O tipo de sujeito que se identifica com Bolsonaro não é exatamente um adepto da
ordem, mas alguém que quer ter carta branca para xingar os negros, matar
pobres, espancar mulheres e homossexuais. A política de distribuir armas para a
população por um viés fascista é o contrário do monopólio das força pelo
Estado, de uma concepção hobbesiana de um Estado forte para dominar os
indivíduos que por si mesmos são lobos uns dos outros; é mais uma política de transformar
o Brasil num Velho Oeste em que cada um que acerte as contas com quem lhe
ofendeu, lhe agrediu, lhe roubou. Será o país da naturalização dos
linchamentos. Quem espera maior segurança com Bolsonaro no poder está
redondamente enganado; ele é um agente do caos e seus seguidores mais fiéis são
um lumpesinato, a banda podre do aparato de segurança e os indivíduos mais
violentos e sádicos da nossa sociedade civil, uma camada de psicopatas no seu nível
mais grave, que estão apenas esperando um governo que lhes dê consentimento
para agir de maneira brutal e antissocial sem o perigo de sofrer punição.
A
RESISTÊNCIA VENCENDO O MEDO
O assassinato político de Marielle foi um ensaio do que
estava por vir. Mas os que cometeram aquele crime esperavam fazer muitos mais
em tempo mais curto, mas a resistência foi gigante.
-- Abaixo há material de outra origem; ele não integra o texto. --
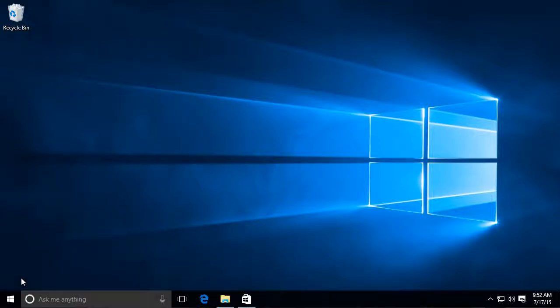Okay, so this is the desktop of Windows 10, and it should look pretty familiar if you've ever used a version of Windows before.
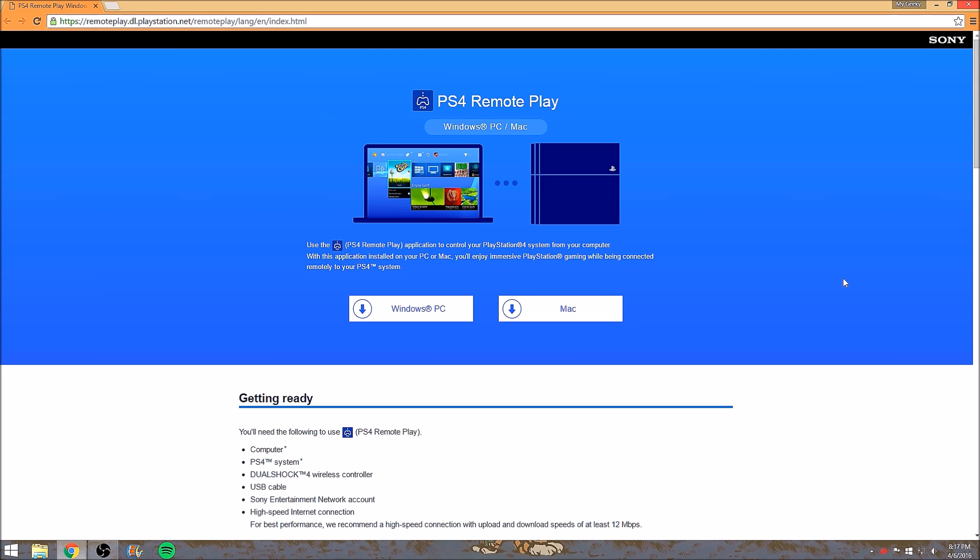What is up guys, my kiki life here bringing you another video today for a how-to. It's been a little while since I made a video, so please bear with me. Today Sony has officially released the PlayStation update for 3.50.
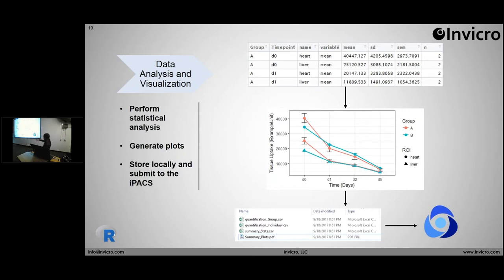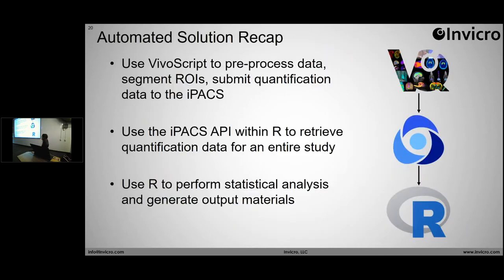Once you have all of these on a local source, another utility of the IPACS is you can submit those files back to the IPACS, so now you have them on a local source and in the project folder on the IPACS. To recap this lengthy workflow: I use VivoScript to preprocess data, segment ROIs, and submit them to the IPACS. I follow that up by using the API within R to retrieve that data, and then perform data manipulation, statistical analysis, and data visualization within R.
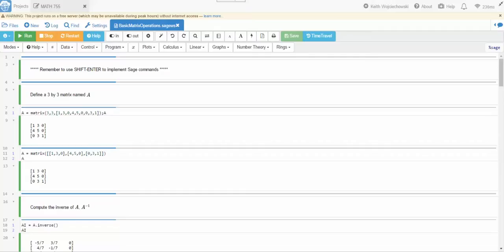Hello students. Alright, in this video we're going to do some basic matrix operations. So we're gonna solve a system of equations and we're gonna find some eigenvectors and eigenvalues.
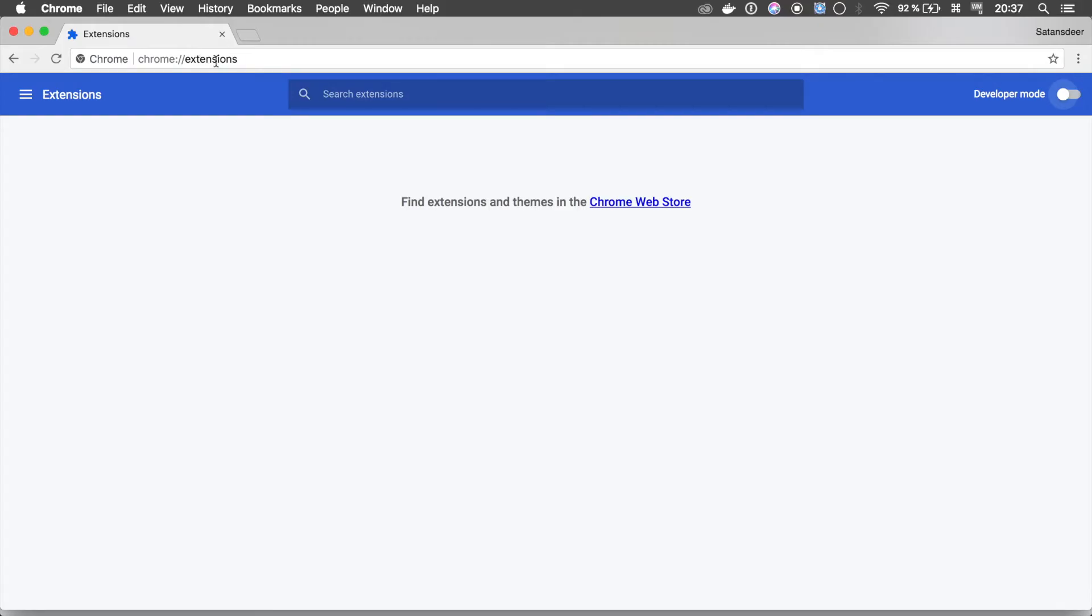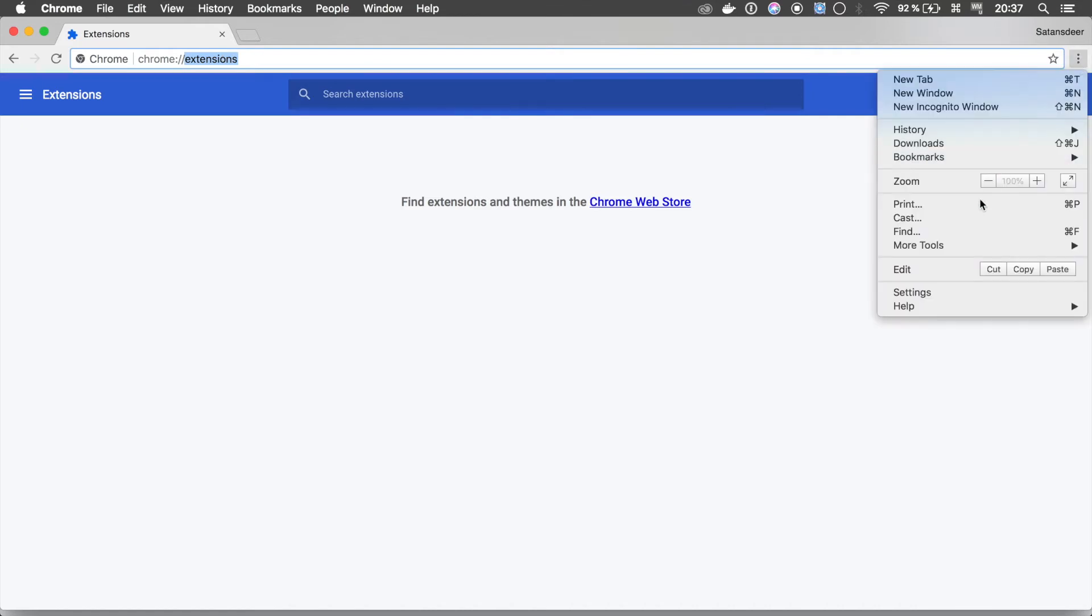Now open Google Chrome and type Chrome extensions. You can also get there using side menu.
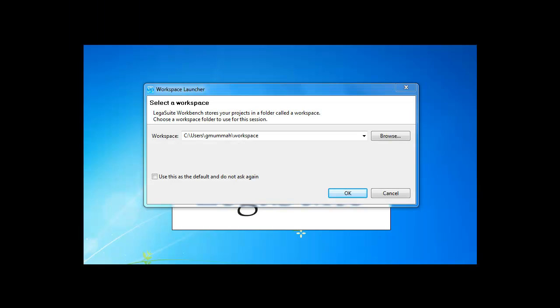When you start the Workbench, you need to specify a workspace. This is where all of your project files will reside on your local PC or network drive. Importing will put all of your project files here. We recommend accepting the default value, which is the workspace folder under your user profile in Windows.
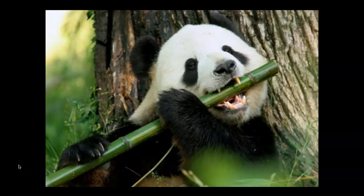Hello, everyone. Today I want to get into a pretty interesting lecture about organisms and how they interact with their environment and how they might interact with each other. This is going to be a little bit of a longer lecture, but I think it's going to be really interesting, and it's actually one of my favorite lectures to give. So let's get started.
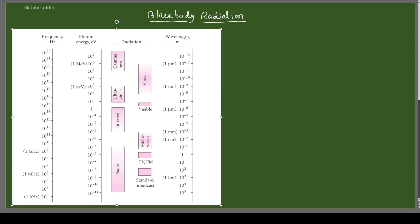Gamma rays have wavelengths of 10⁻¹³ to 10⁻¹⁵ meters — that is nuclear scale. X-ray wavelengths are in atomic scale, in Angstroms. Ultraviolet is lower than x-ray. Visible rays are in the micrometer range, 10⁻⁶ to 10⁻⁷ meters. Infrared, microwave, and radio waves have increasingly higher wavelengths. That is the spectrum of light.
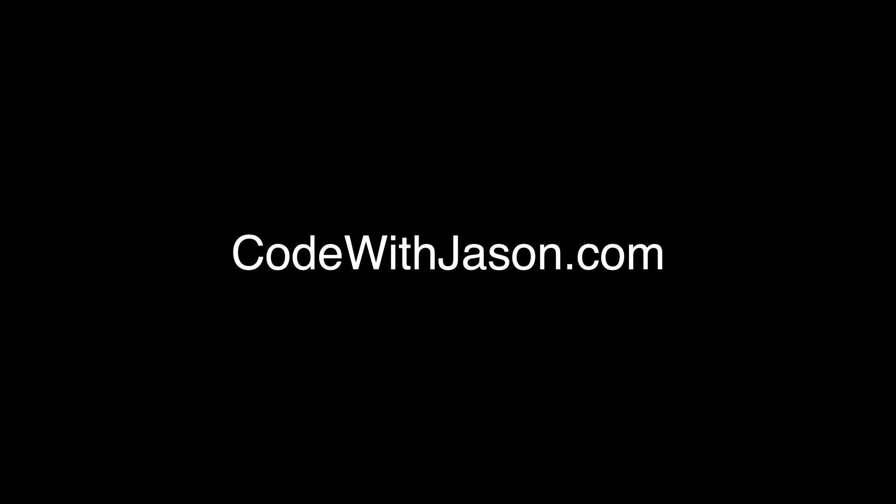Thanks for watching this video. To find my blog posts, products, podcasts, and other videos, visit CodeWithJason.com.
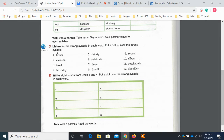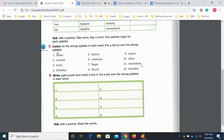This word 'repeat' is interesting because you can pronounce it more than one way — repeat or repeat. So the strong syllable will be on 'peat.' Elbow: the strong syllable is on 'el.' Reschedule: the strong syllable would be in the middle, on 'sched' — re-sched-ule. Shoulder: the strong syllable would be on 'shoul.'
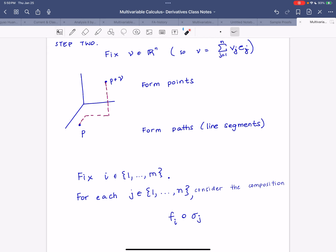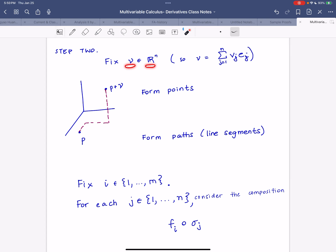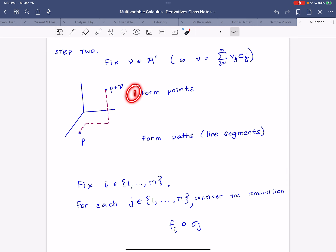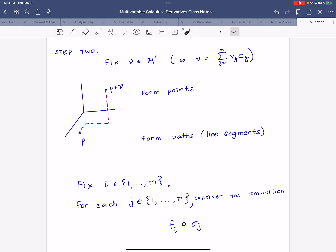P is fixed. V is a vector representing the displacement from P, and in the limit V is getting close to zero. I've drawn this in three dimensions but it generalizes. V is in R^n, so we can rewrite V as a linear combination of the standard basis vectors. I'm going to form some points to get from P to P+V following along the coordinate axes, looking at line segments parallel to the coordinate axes.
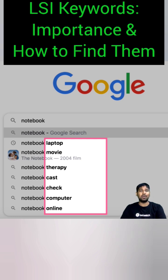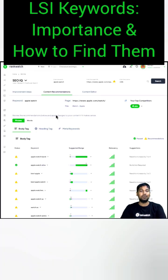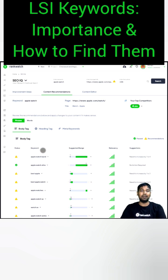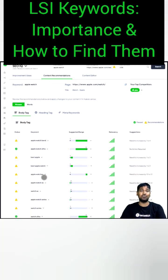Google's ranking factors now heavily incorporate LSI keywords due to the variety of unique search queries users have for common topics. Using LSI keywords in content enhances its relevancy and search visibility, leading to positive SEO results. In the context of SEO, LSI keywords are related terms to the primary keyword being targeted, providing additional context and clarity to both users and search engines.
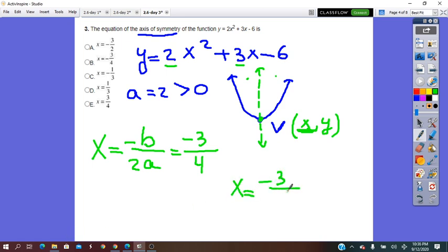We write x equals negative b over 2a. Here b is 3, so negative 3 over 2 times a which is 2, giving 2 times 2 equals 4. So the axis of symmetry is x equals negative 3 over 4, and the correct answer is B.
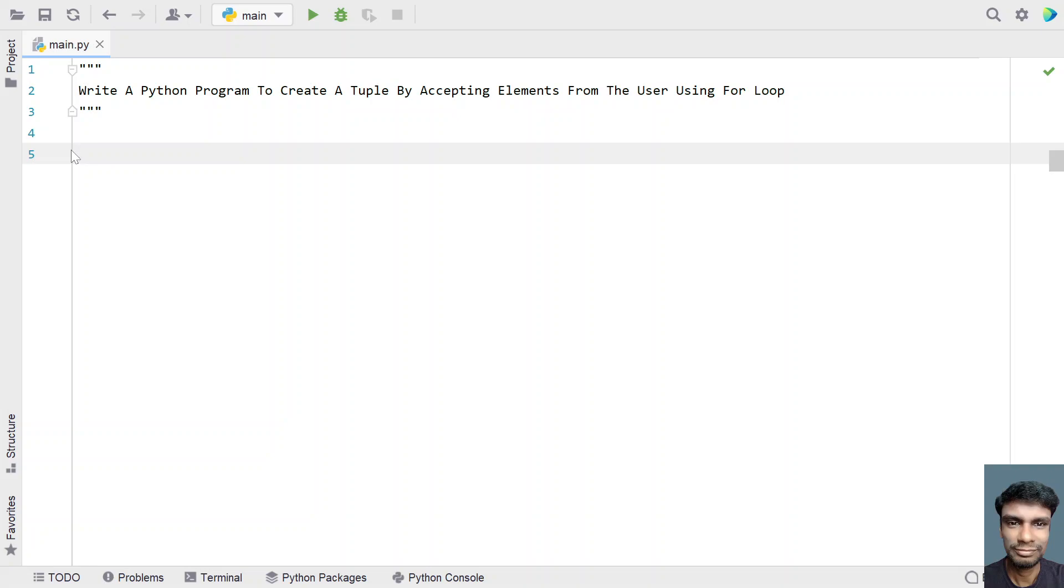Hey guys, welcome to my YouTube channel. In this video let's learn a Python program to create a tuple by accepting elements from the user using for loop.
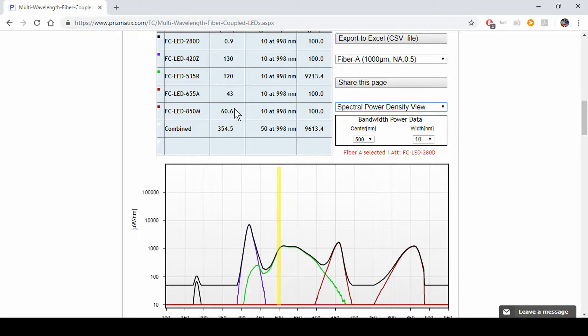Since we've seen, you can see how much power you have combined on all of these LEDs together.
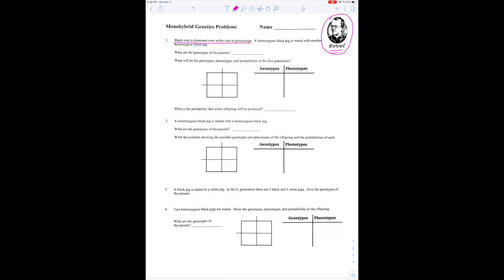Hi everybody. We're going to take a look today at some problems having to do with genetics — Mendelian genetics, named after Gregor Mendel. They're simple genetics that work for simple organisms. In real life, genetics is a lot more complicated than it is with gardens and peas, so take it with a grain of salt. You've got to learn this stuff first before you can understand the more complicated stuff.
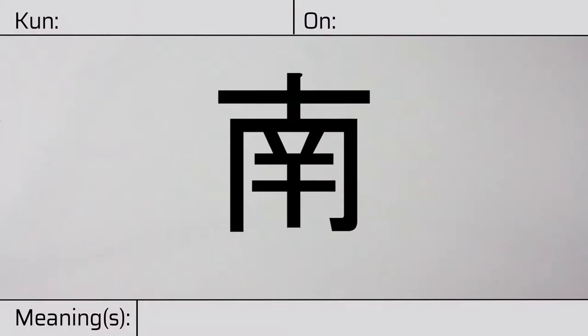Welcome to this lesson on Japanese kanji. Today, we'll be discussing this character. This kanji has kunyomi or Japanese reading of minami.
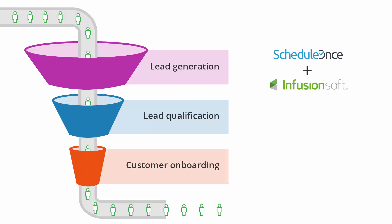The ScheduleOnce connector for Infusionsoft provides an end-to-end solution for scheduling with prospects and customers through all phases of the customer lifecycle.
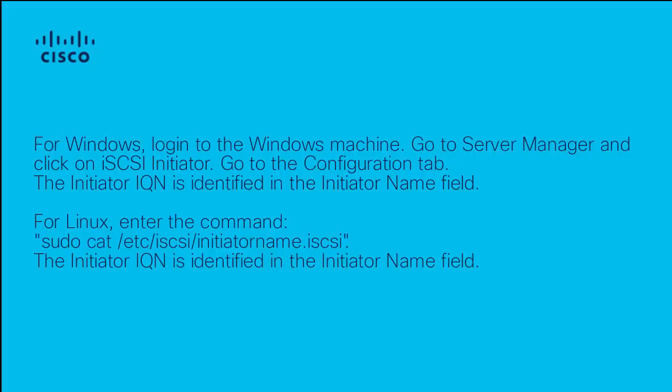For Linux, run the command sudo cat /etc/iscsi/initiatorname.iscsi. The initiator IQN is identified in the initiator name field.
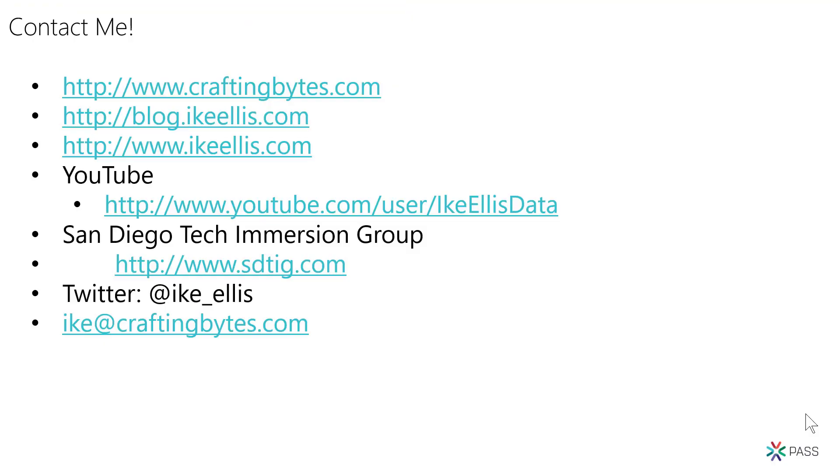Finally, this is how you can get ahold of me if you need to. There's my Twitter and my email address. And of course, my YouTube channel. If you want to subscribe and get more videos on DAX and Power Apps and data engineering and cloud data and other things that interest me.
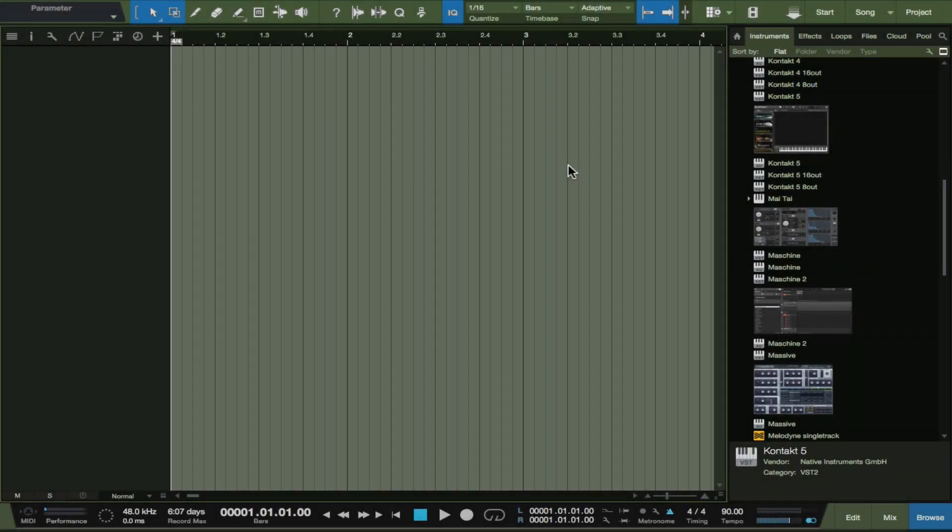In this video we're going to focus on how MIDI routing works within Studio One 3 using Kontakt. I've gotten a question several times actually, so I just had a chance to attack this question and show you guys.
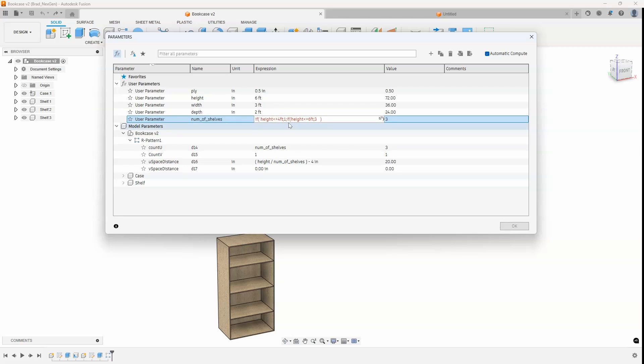Also, if the height is less than or equal to 6 feet, it'll have three shelves. And then I'm basically doing an else statement. So I'm just going to do another semicolon and I'm going to say 5. So if it doesn't match either of those, so if it's not less than 4, or if it's not between 4 and 6, it's going to use 5 shelves.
O funeral de Marielle foi o
maior ato político do ano de 2018 até o acontecimento do #ELENÃO e, com
certeza, serviu para preparar nas consciências das mulheres, em especial das
mulheres negras, os atos do dia 29 de setembro, dando-lhes a certeza de que se
não derrotassem o inimigo, ele não seria gentil, não retribuiria o favor. A luta
é dura, mas precisamos resistir. Prudência é mais que bem-vinda. Sabemos como
eles agem e não podemos dar munição para o inimigo, afinal, está comprovado que
setores autônomos em meio à greve dos caminhoneiros eram orientados por lideranças
bolsonaristas via Whatsapp para criar instabilidade política e prejudicar a
população, bem diferente de greves legítimas de trabalhadores que não se
associam aos fascistas. Nas Jornadas de Junho foram abundantes os agentes
infiltrados se fingindo de black blocs. Esses são os homens que riram da
destruição do Museu Nacional pelas chamas porque odeiam a ciência, a cultura e
a história. Esses são os homens que mataram Marielle mais uma vez ao difamá-la
depois de morta. Não podemos esperar nada desses senhores. Por isso, temos que
dizer bem alto que nós não temos senhores e que vai ter resistência.